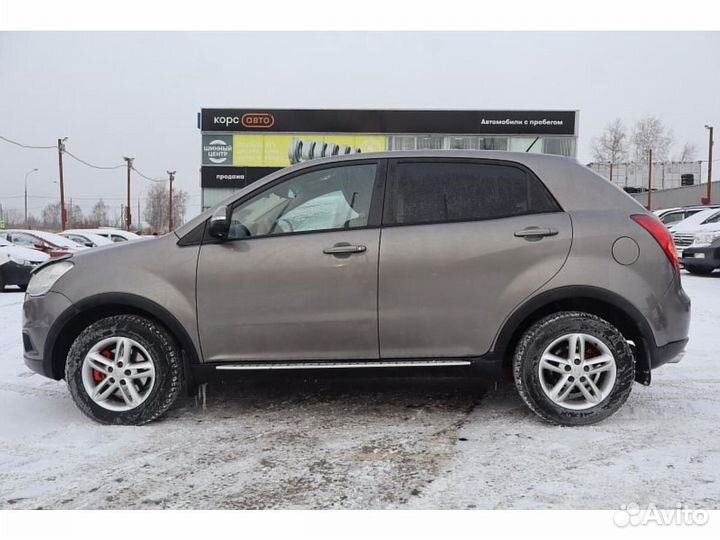 SsangYong Actyon 2.0 AT, 2011, 193 000 км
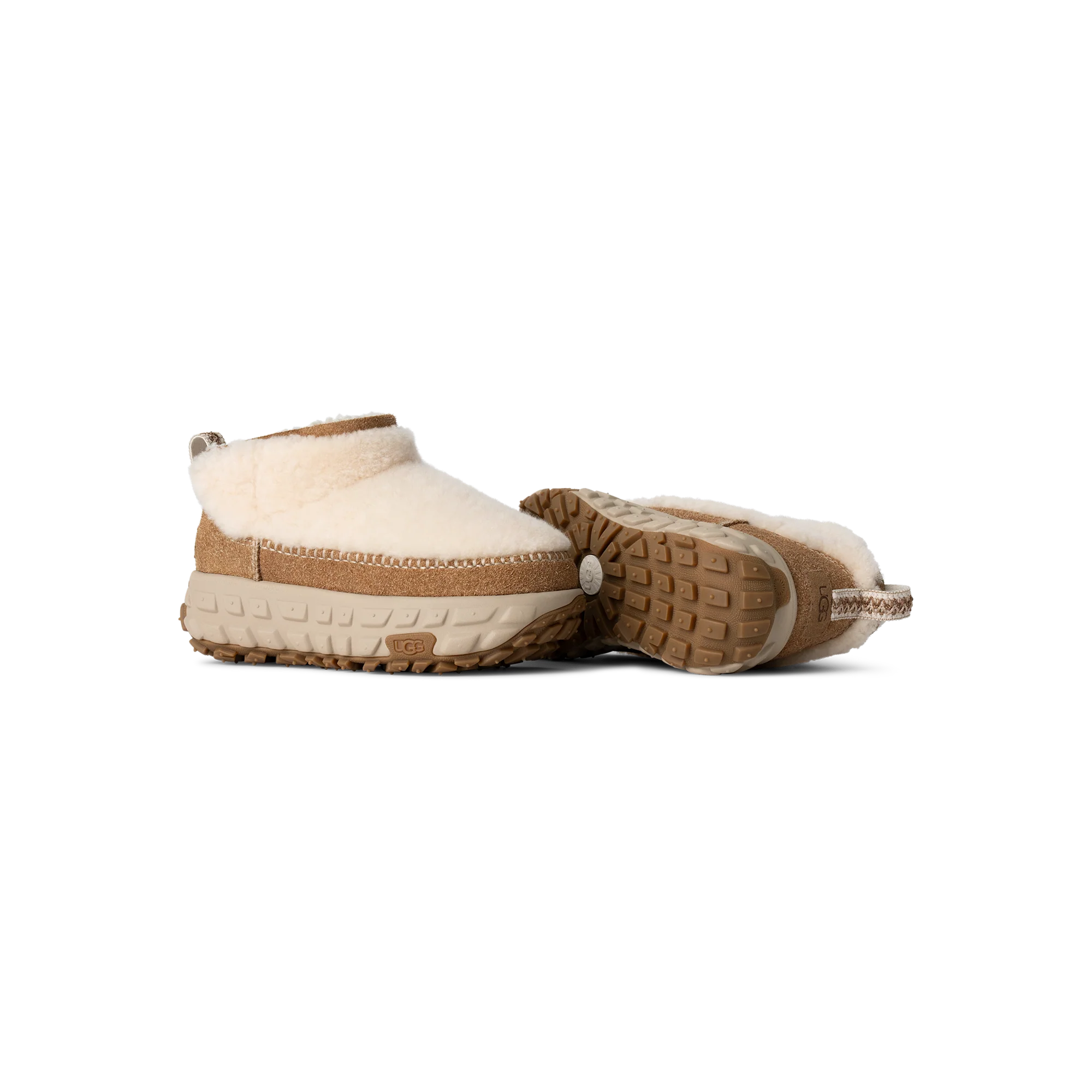 UGG Venture Daze Ultra Mini Cozy Boot Natural - Image 3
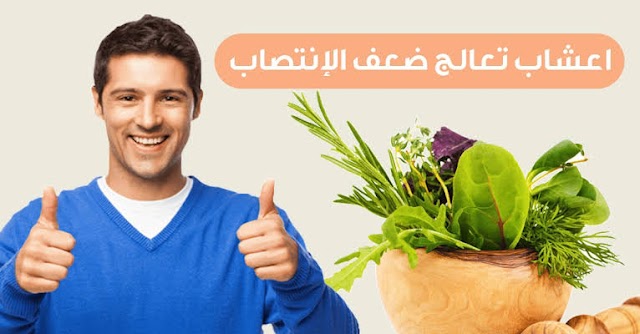 اعشاب تعالج الضعف الجنسي للرجال 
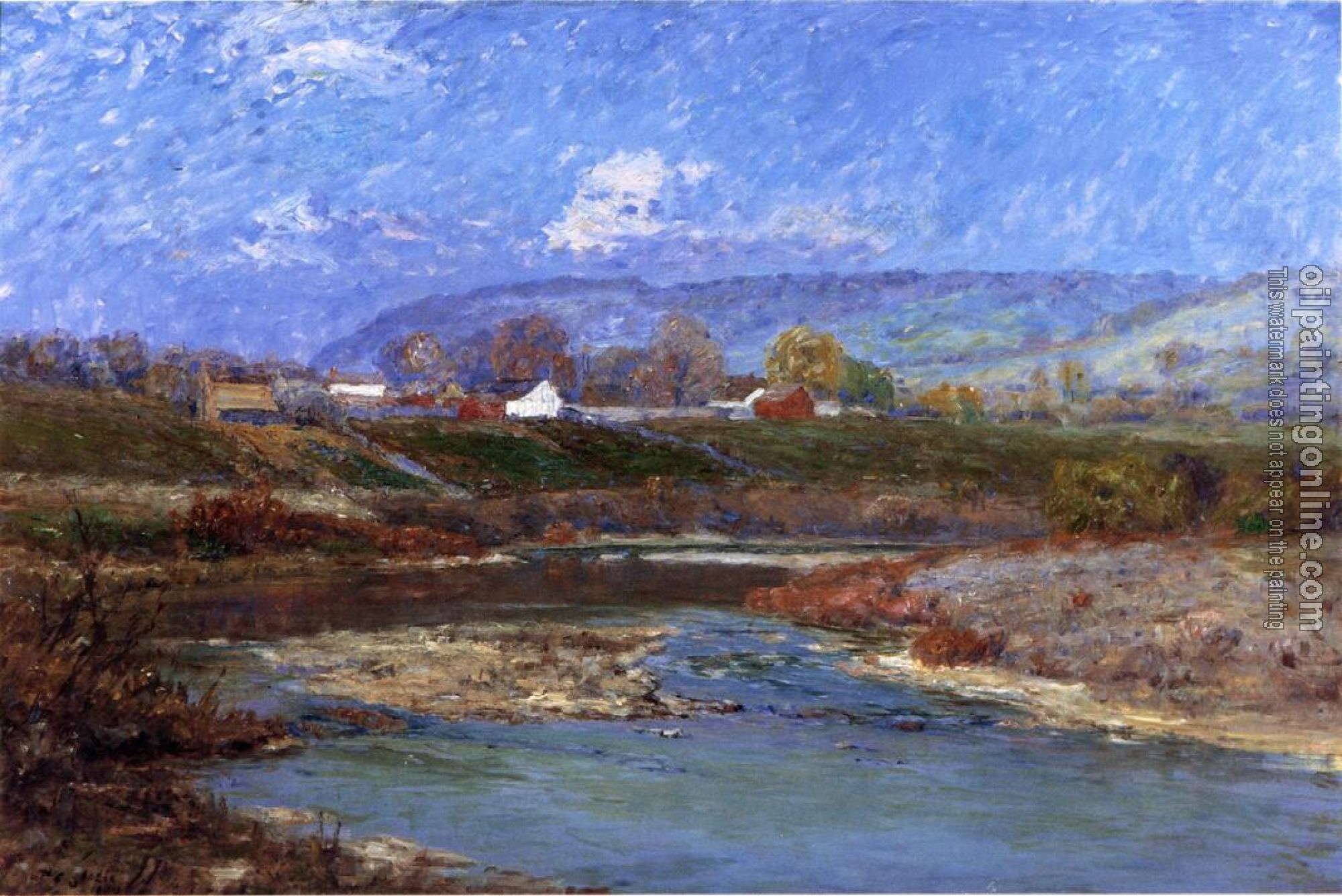 Steele, Theodore Clement - November Morning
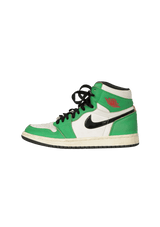 AIR JORDAN 1 RETRO HIGH OG ''LUCKY GREEN'' 35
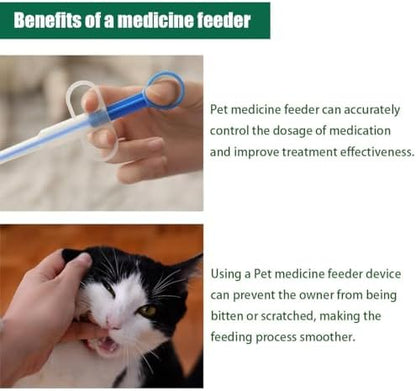 Compact lightweight pet capsule dispenser tool for veterinary home care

##############################

Exercise details:
In the copy, include every line of the entries above exactly and none of the pictures.

Result:
 SsangYong Actyon 2.0 AT, 2011, 193 000 км
 UGG Venture Daze Ultra Mini Cozy Boot Natural - Image 3
 اعشاب تعالج الضعف الجنسي للرجال 
 Steele, Theodore Clement - November Morning
 AIR JORDAN 1 RETRO HIGH OG ''LUCKY GREEN'' 35
 Compact lightweight pet capsule dispenser tool for veterinary home care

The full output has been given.